What to do
In the records below, find the line with "You Can Change The World poster", then retype it and every following line exactly, stopping after the line with "2017 Cadillac ATS 1G6AH5RX0H0186079". Leave the pictures out.

Task input
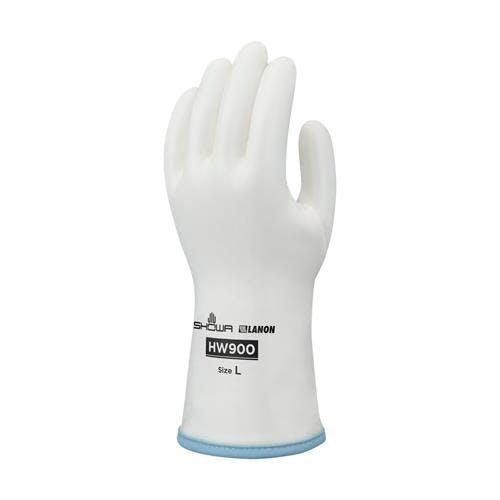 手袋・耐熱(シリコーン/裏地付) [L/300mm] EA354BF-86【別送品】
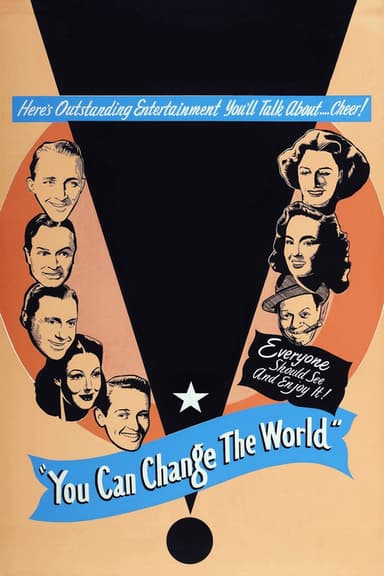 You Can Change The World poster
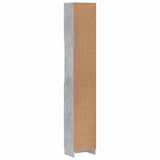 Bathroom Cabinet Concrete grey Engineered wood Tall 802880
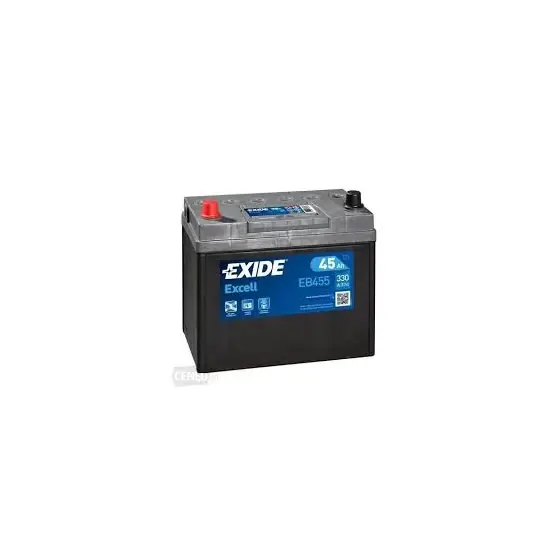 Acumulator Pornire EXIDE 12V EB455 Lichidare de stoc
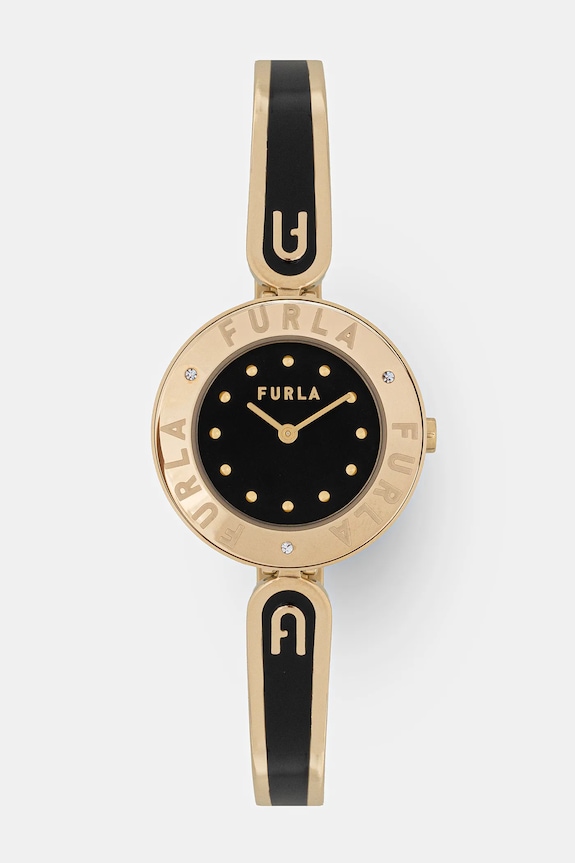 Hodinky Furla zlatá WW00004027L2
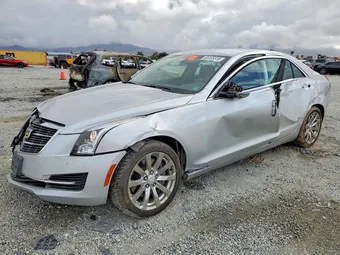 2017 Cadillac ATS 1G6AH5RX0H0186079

--

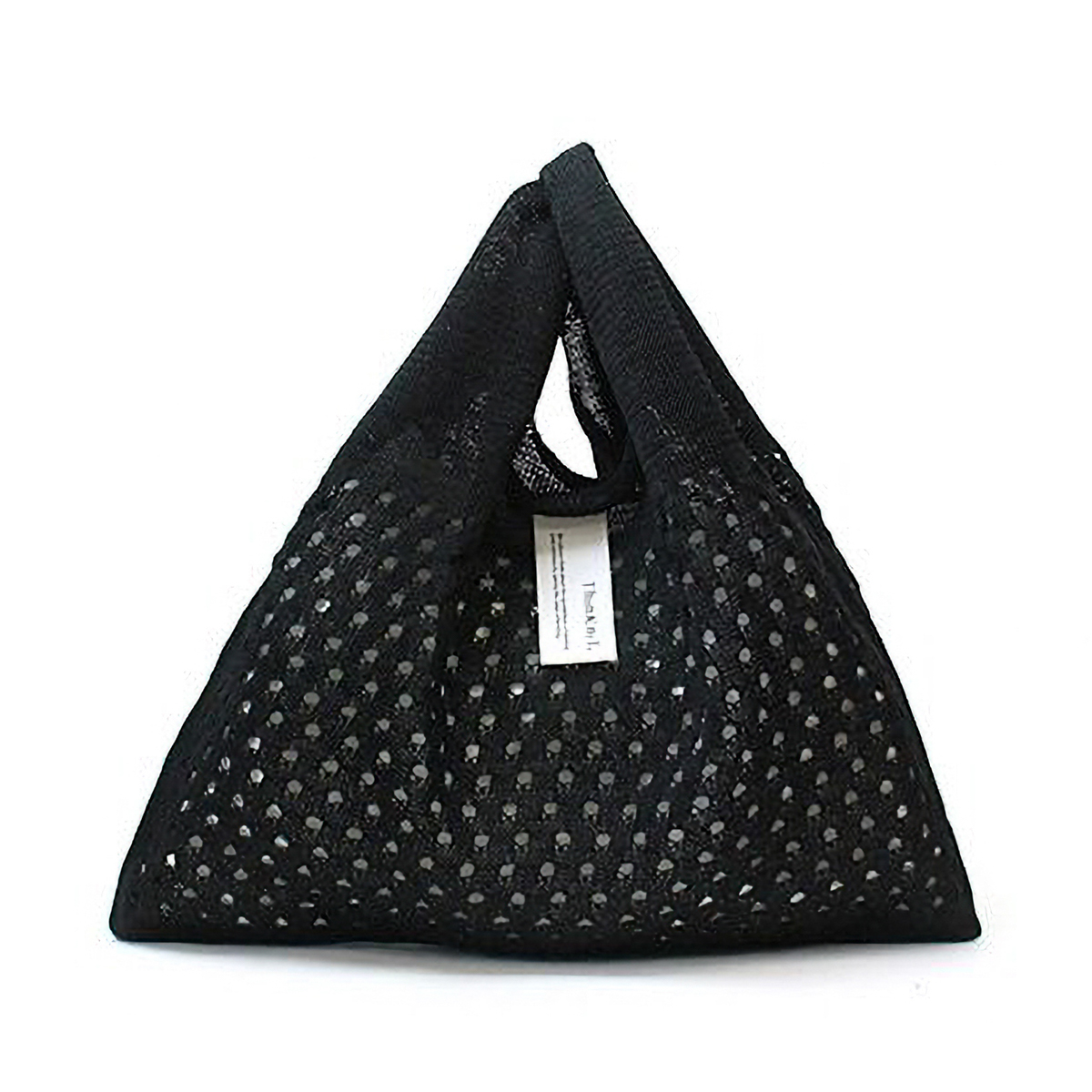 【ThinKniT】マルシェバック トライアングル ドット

Task answer
 You Can Change The World poster
 Bathroom Cabinet Concrete grey Engineered wood Tall 802880
 Acumulator Pornire EXIDE 12V EB455 Lichidare de stoc
 Hodinky Furla zlatá WW00004027L2
 2017 Cadillac ATS 1G6AH5RX0H0186079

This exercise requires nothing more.